Using the data below, print exactly the line with "3KPFL4A74JE231903 KIA FORTE 2018", the line with "गोण्डा-बहराइच हाईवे पर", and every line between them, but none of the pictures.

- [RECORDS]:
-=-=-=-=-

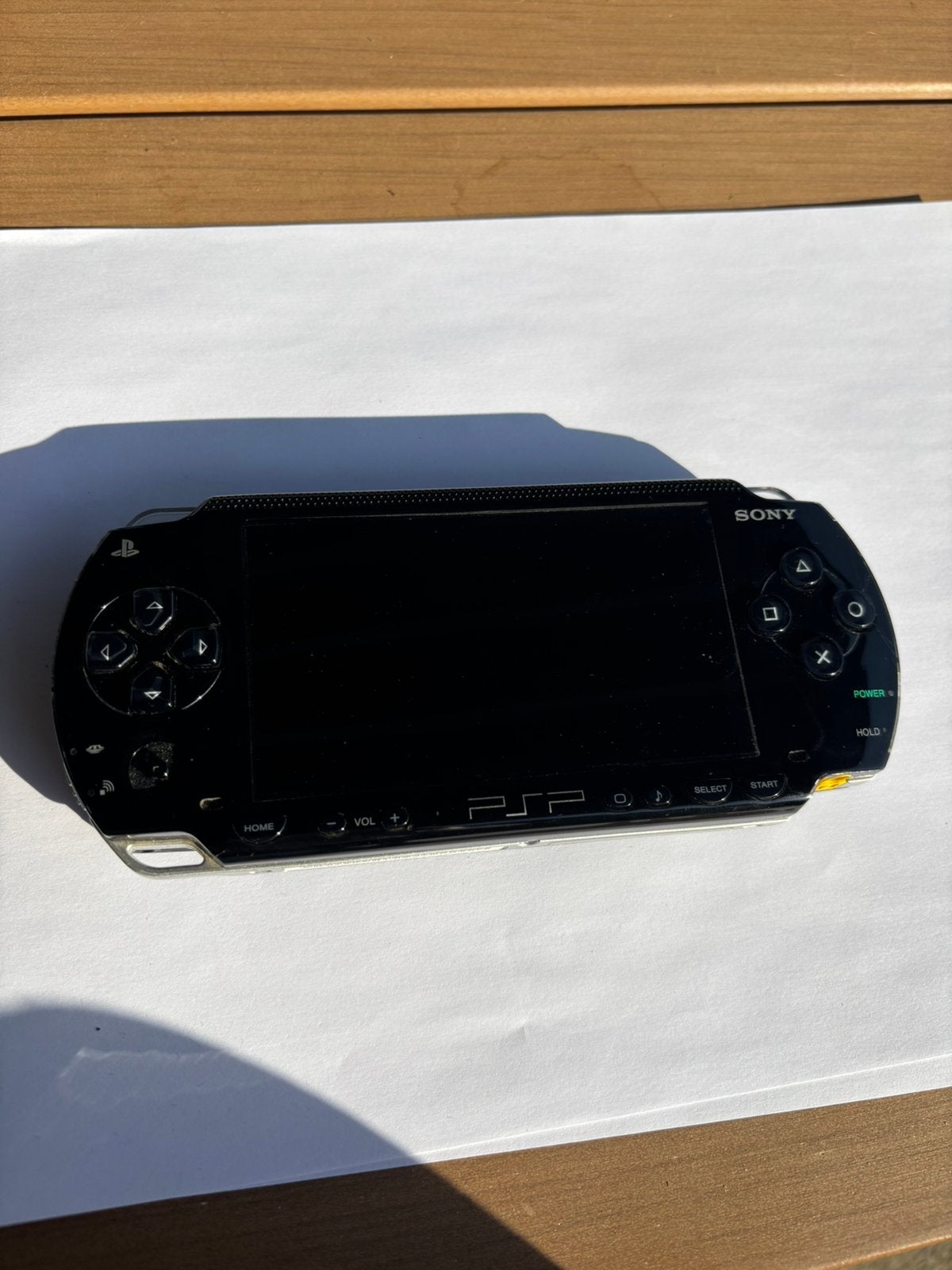 OG PSP + Games, Games en Spelcomputers, Spelcomputers | Sony PSP, Ophalen of Verzenden, Zo goed als nieuw, PSP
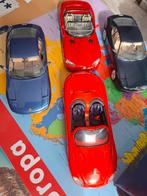 4 modèles réduits de voitures, Hobby & Loisirs créatifs, Voitures miniatures | 1:18, Enlèvement ou Envoi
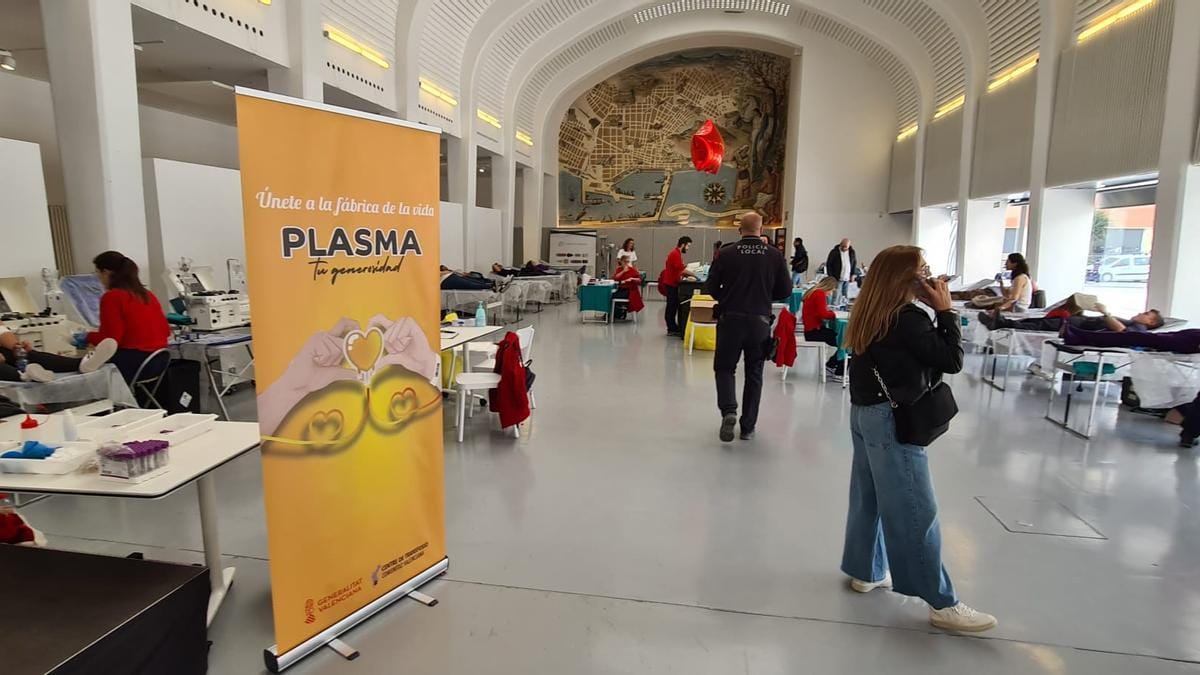 VIII Maratón de donación de sangre ‘Alicante dona vida’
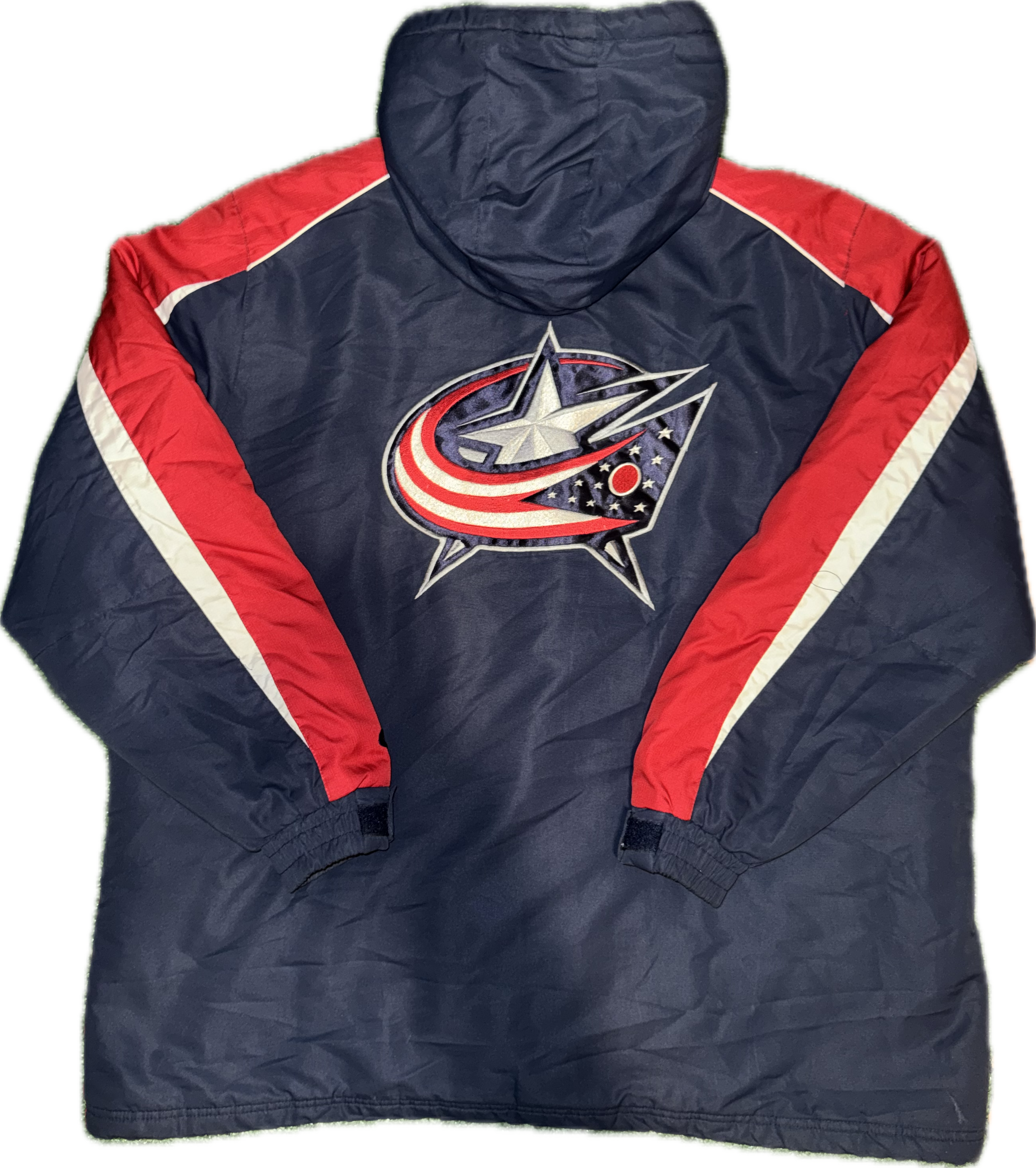 NHL BlueJackets Jacket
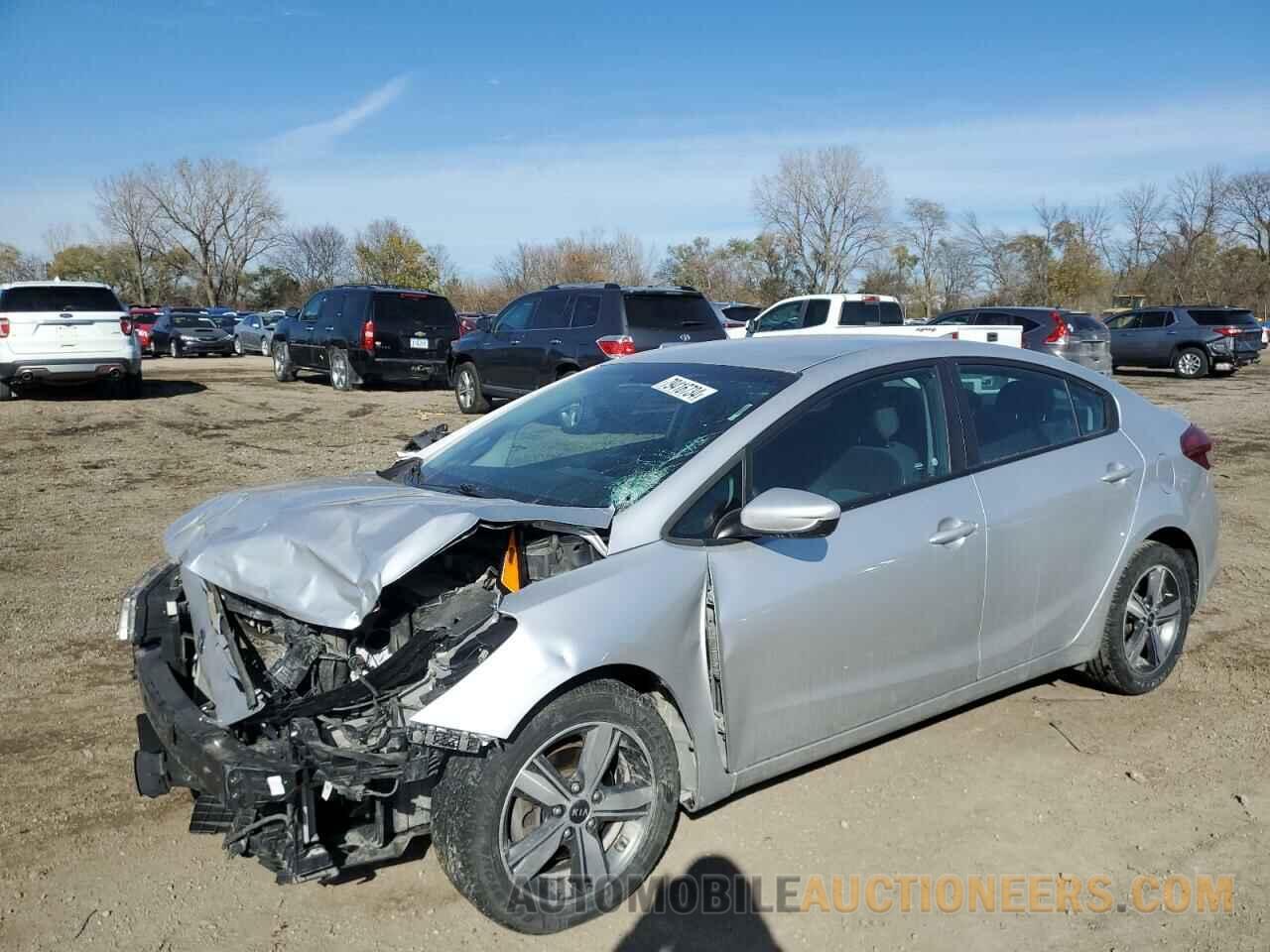 3KPFL4A74JE231903 KIA FORTE 2018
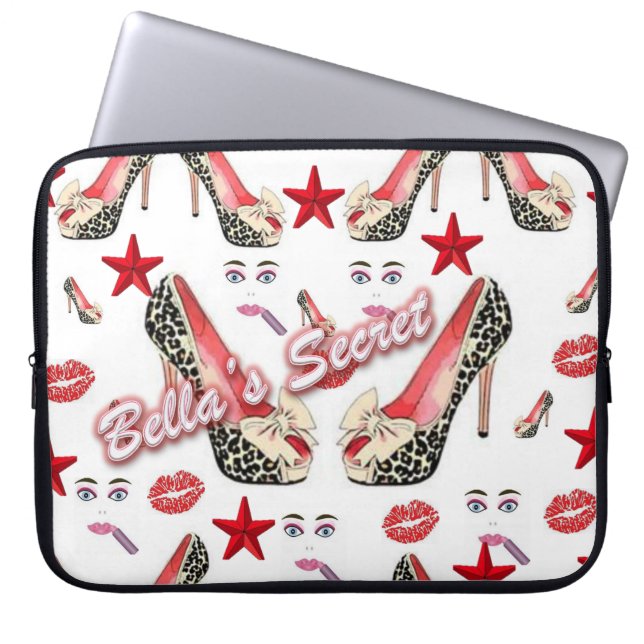 Laptop Sleeve Bella's Secret (Front)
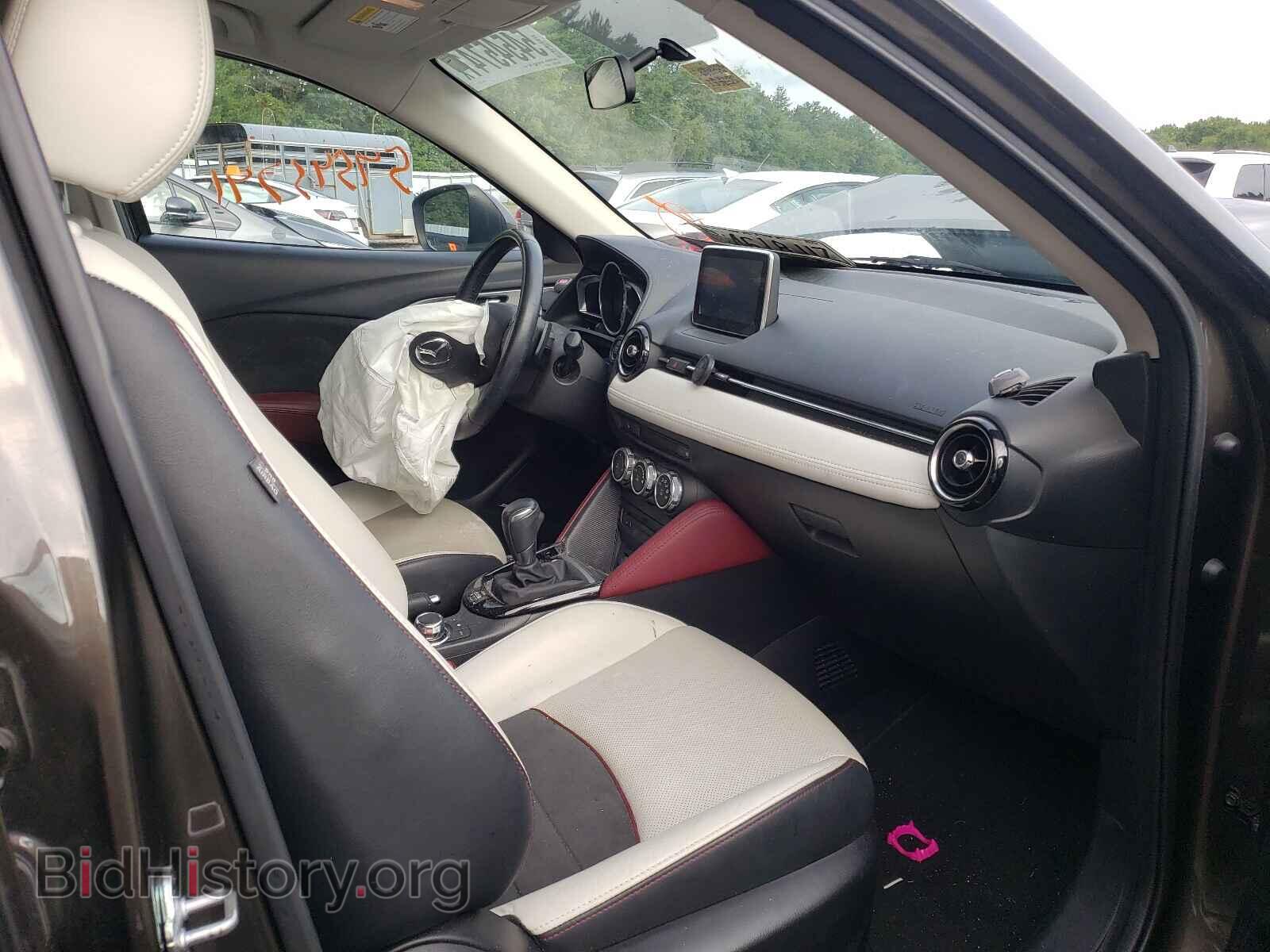 2016 MAZDA CX-3 - VIN: JM1DKBD74G0125771 - Фото 5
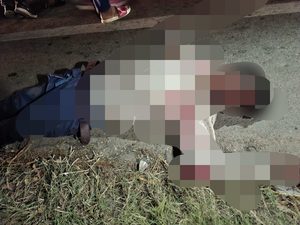 गोण्डा-बहराइच हाईवे पर दर्दनाक हादसा, पिता-पुत्र की मौत दो बेटियों के सिर से उठा पिता का साया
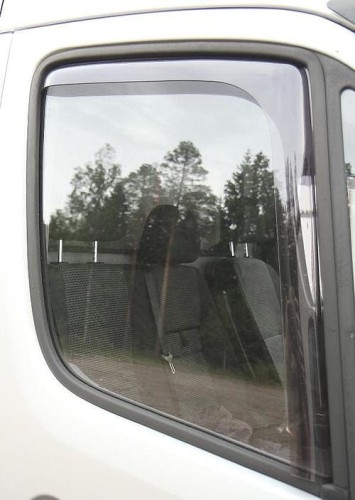 Owiewki na szyby boczne Mercedes Benz Sprinter 2006-06/2018; VW Crafter 2006-2017, nr kat. 1485362222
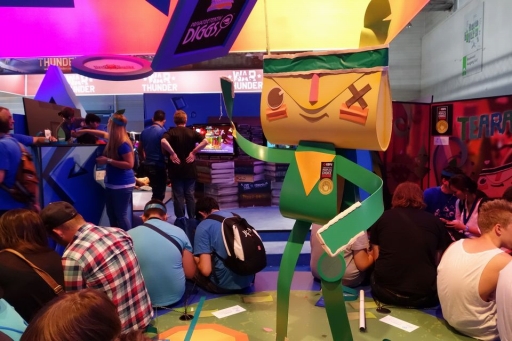 gamescomϥȥӥåץͥåȤγȯब꤬뿷Tearawayפץ쥤͸򤽤äȥݡȤ봶Фޤʤ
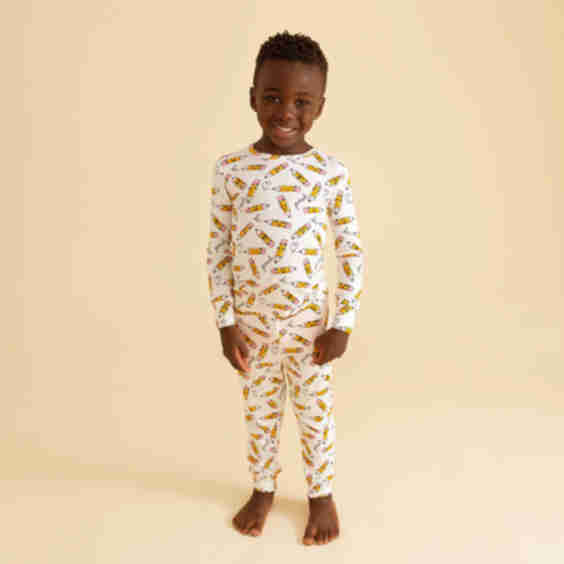 Posh Pencils Classic Pajama Set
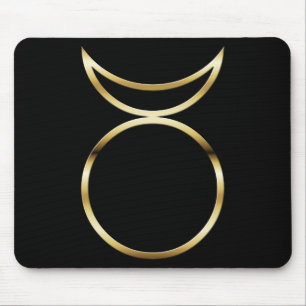 Mousepad Falln Pagan - Símbolo de Deus Cavalado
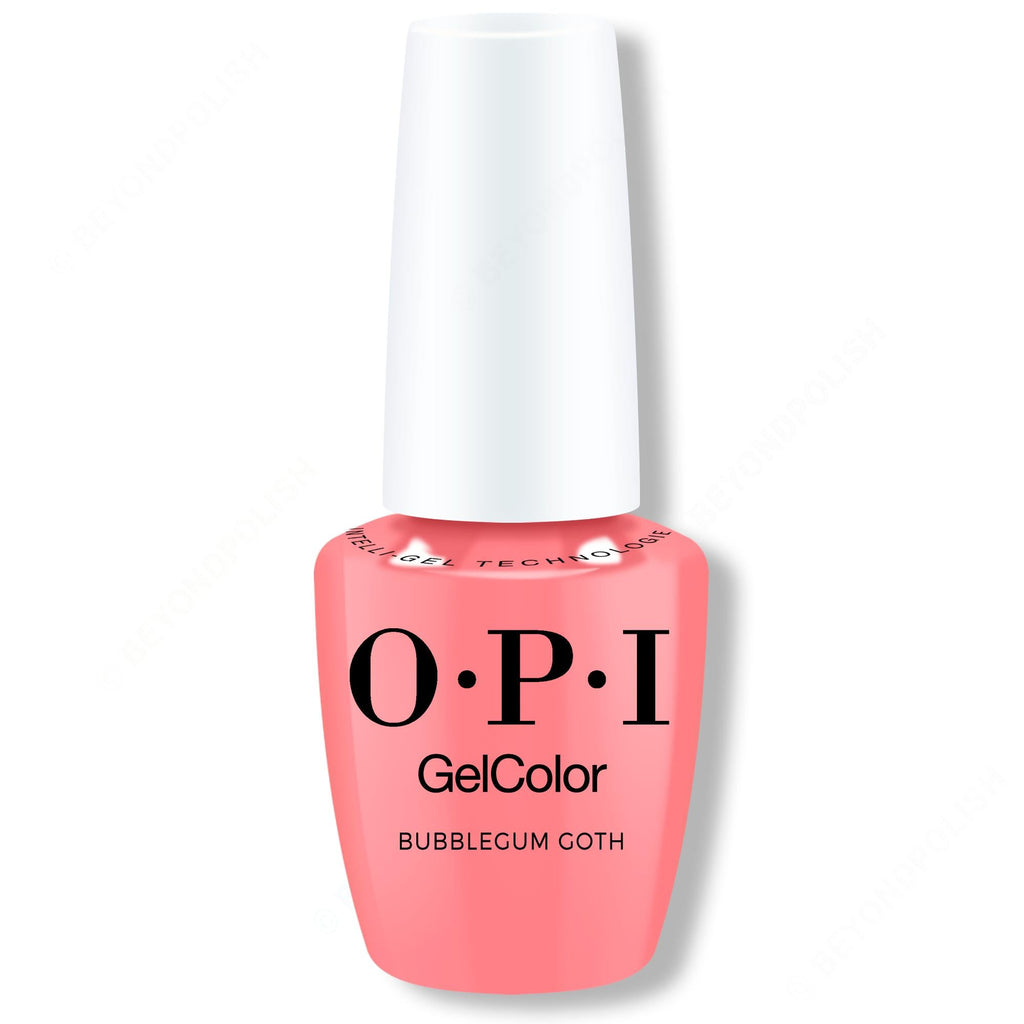OPI - Gel, Lacquer & Dip Intelli-Gel Combo - Bubblegum Goth - Salon Quality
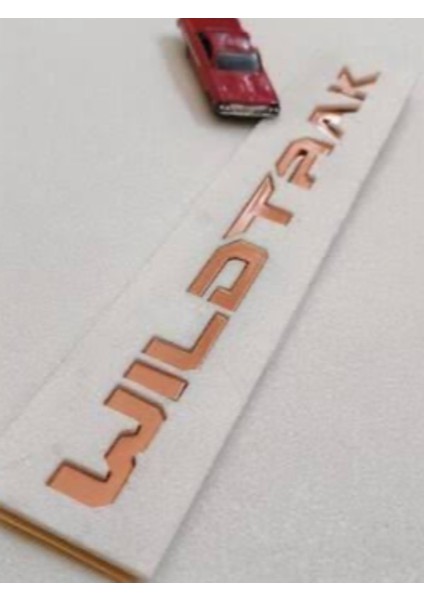 Roal Tunıng Ford Ranger Wildtrak Kaput Logo Yazısı – Mat Abs Plastik Tuning Aksesuar (Roal Tuning) fiyatları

-=-=-=-=-

- [WRITTEN ANSWER]:
 3KPFL4A74JE231903 KIA FORTE 2018
 Laptop Sleeve Bella's Secret (Front)
 2016 MAZDA CX-3 - VIN: JM1DKBD74G0125771 - Фото 5
 गोण्डा-बहराइच हाईवे पर दर्दनाक हादसा, पिता-पुत्र की मौत दो बेटियों के सिर से उठा पिता का साया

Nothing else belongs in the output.